Sunday, November 8, 2009

Sunday afternoon

It's raining.

The smell of warm, damp earth rises from the roadside and fills the car. Through the windows, the mottled brown and green fields spread out into dips and troughs and the occasional bump, punctuated by ramshackle wooden sheds with rusting sheet-metal roofs. Some trees are brown and have started shedding their leaves, others offer a pale yellow-orange, and the majority remain a dusty green. Nothing to rival the splendid colors of the Northeast.

Every once in a while, a familiar metal bird can be seen standing guard in a field, though fewer and fewer are engaged in their rhythmic dance to pump the black gold from the ground. In the air, one of their feathered cousins loops and twirls, long yellow tail flittering in the wind.

The road ahead and back glistens and vanishes in a faint haze of raindrops in the distance.

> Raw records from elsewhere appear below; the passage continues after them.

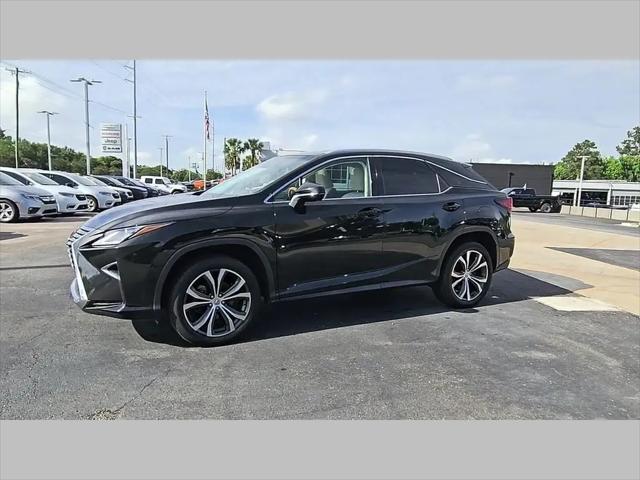2016 Lexus RX 350 RX 350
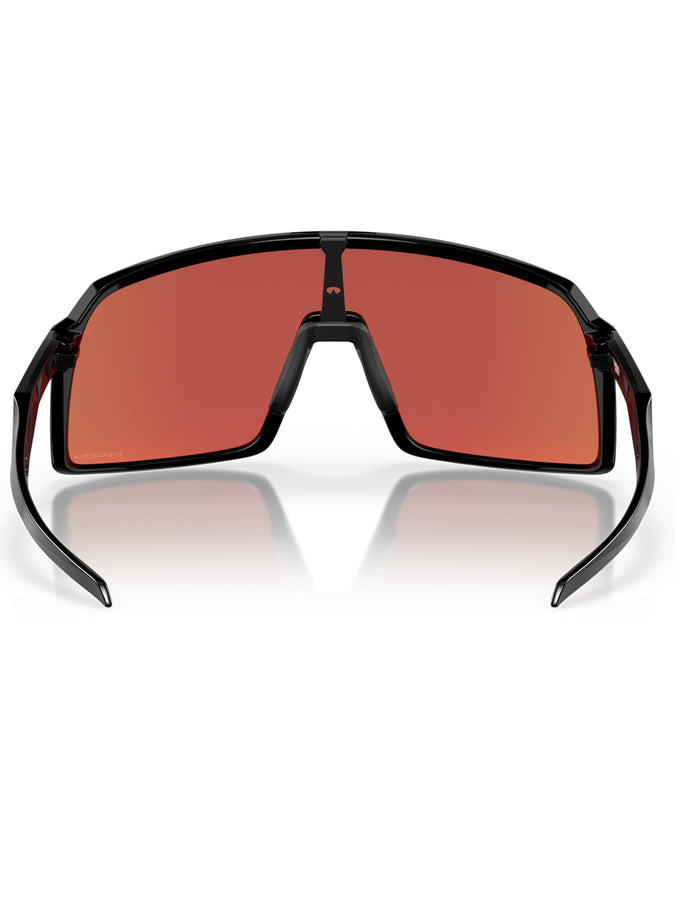 Oakley Sutro Sunglasses | PLSH BLK/PRIZM SNOW JADE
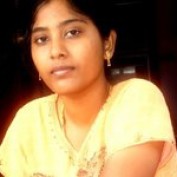 Sharmila Mani profile image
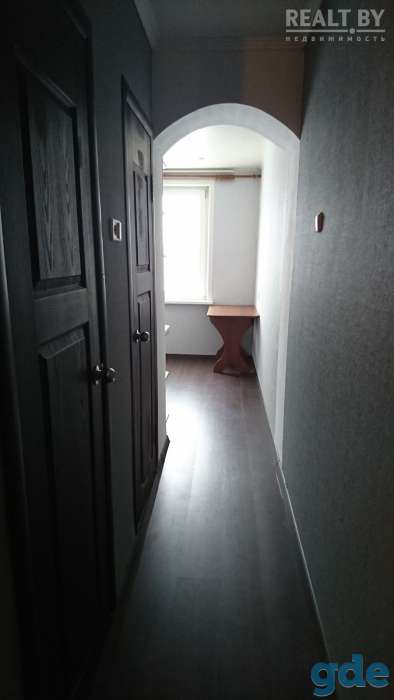 Тёплая,приятная квартира в тихом районе, Холмогорская 47 к.1, фотография 11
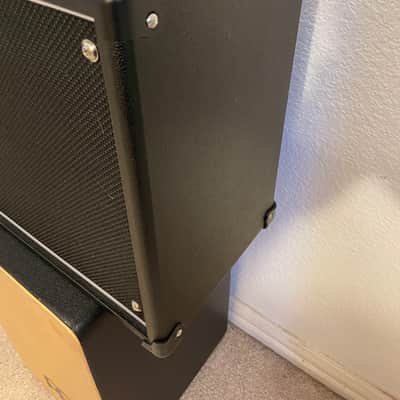 Boss By Roland Katana MKII 50 Watt Combo Guitar Amplifier 2020’s - Black image 5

We could be going anywhere, and it wouldn't matter. Sometimes, Texas seems like a perpetual scenery.

3 comments:

Scriptor Senex said...

I assumed your metal birds were what I know as a nodding donkey (though I've only ever seen one in the UK). So I looked up nodding donkey and found it had lots of names - "The pumpjack (also known as nodding donkey, pumping unit, horsehead pump, beam pump, sucker rod pump, grasshopper pump, thirsty bird and jack pump)". I like nodding donkey and thirsty bird best - the latter reminds me of a toy bird you used to be able to get that sat on the edge of a glass and nodded backwards and forwards.
As always yours was a beautifully written piece of text - you are wasted on the sciences!!!

GB said...

On the contrary, CJ, perhaps in L'Archiduchesse we have the next C P Snow - well, sort of. Imagine it. A scientist writing beautiful prose about her science.

Oops. Sorry to be rude talking about you in front of you - so to speak - Archiduchesse.

Scriptor Senex said...

I didn't know Snow was a scientist - you live and learn.